_Problem statement:_ Print, exactly and with no pictures, the line containing "Alfombras Vinilicas para" and each line after it to the end of the entries below.

------------------------------------------------

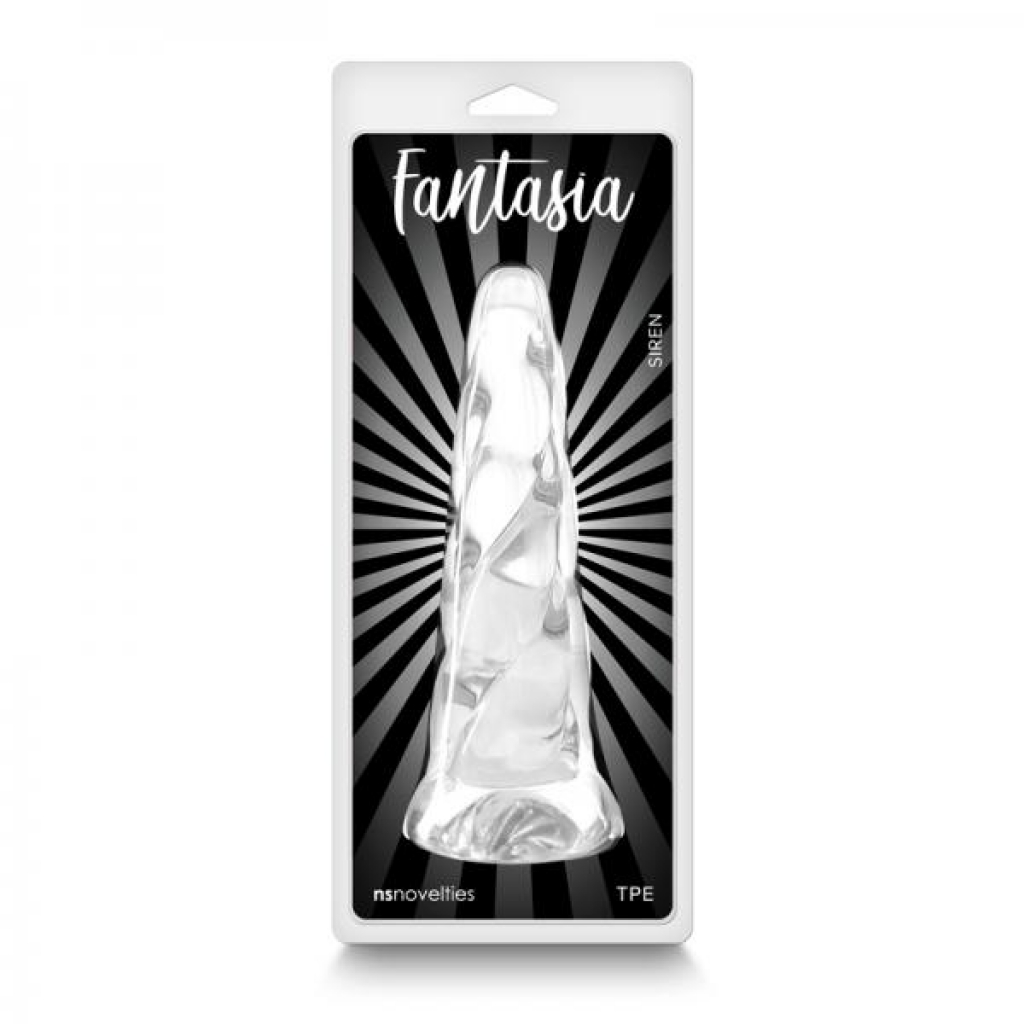 Fantasia Siren Clear Dildo - Luxurious Sensations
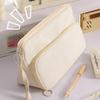 Zipper Ladder Pencil Case Double-layer Stationery Bag Simple Pencil Case Kawaii Pencil Bag  Kids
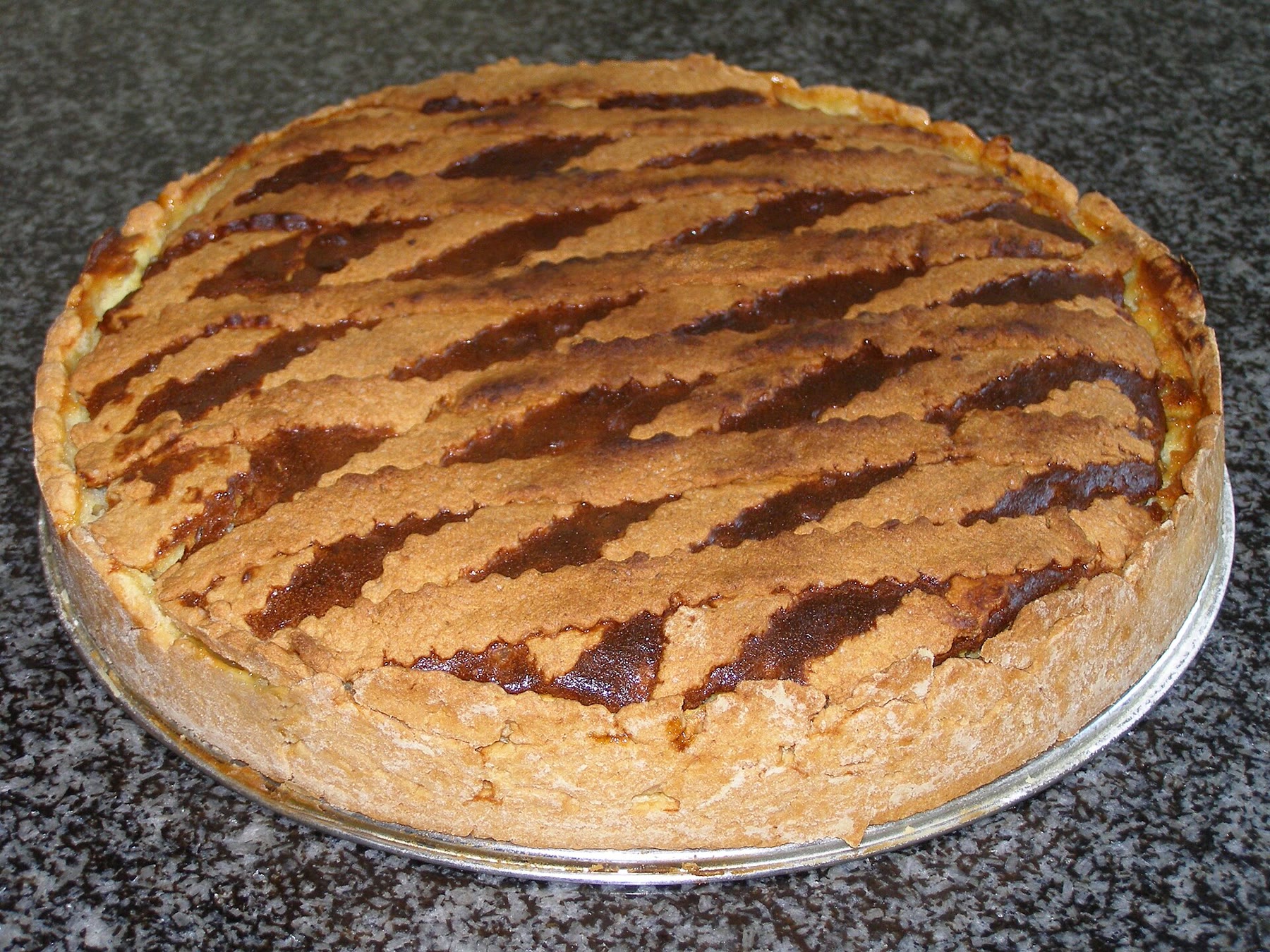 Italian pastiera pie with Neapolitan wheat-and-ricotta Easter kitchen climate still named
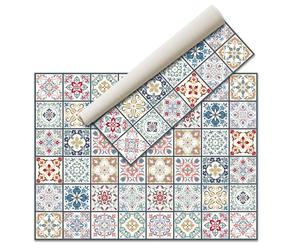 Alfombras Vinilicas para el Hogar 300 x 200 - Alfombra Vinilica Cocina Resistente y Antitropiezos - Alfombra Cocina Lavable Antideslizante para Interior/Exterior - Alfombras de Vinilo Esponjosas
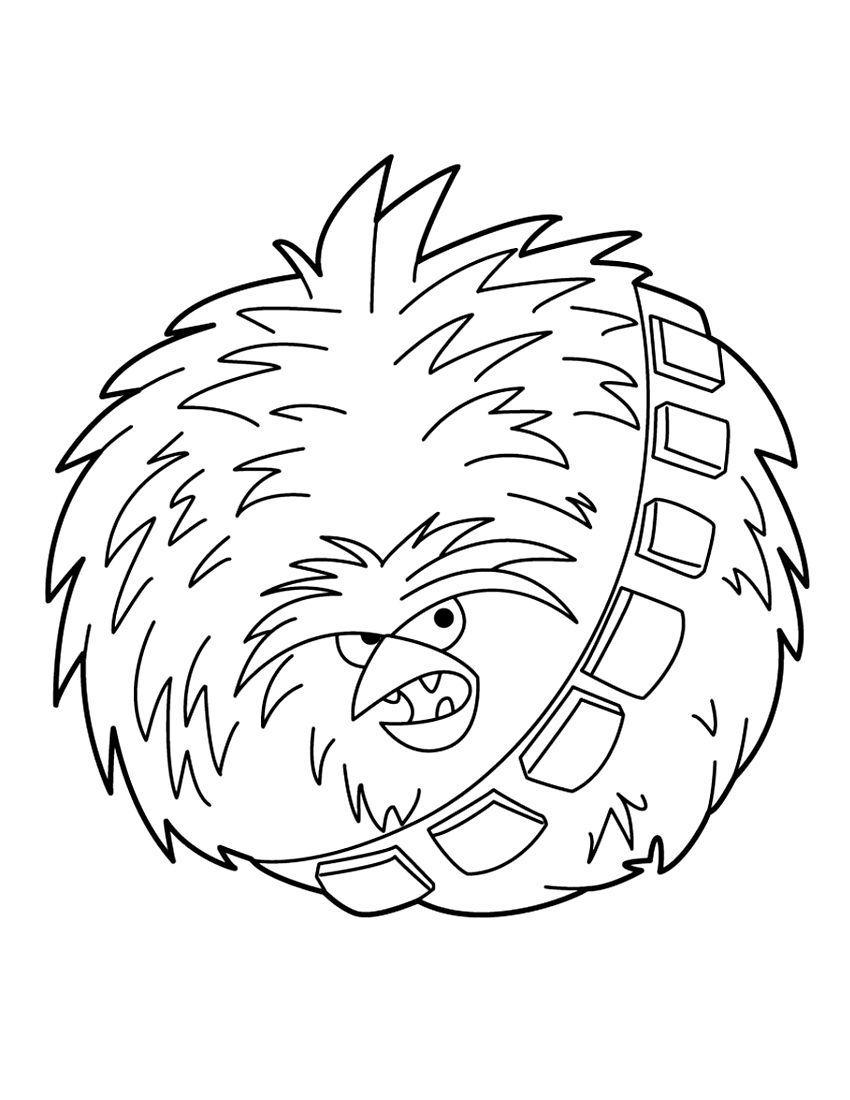 Chewbacca coloring pages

------------------------------------------------

_Exercise answer:_
 Alfombras Vinilicas para el Hogar 300 x 200 - Alfombra Vinilica Cocina Resistente y Antitropiezos - Alfombra Cocina Lavable Antideslizante para Interior/Exterior - Alfombras de Vinilo Esponjosas
 Chewbacca coloring pages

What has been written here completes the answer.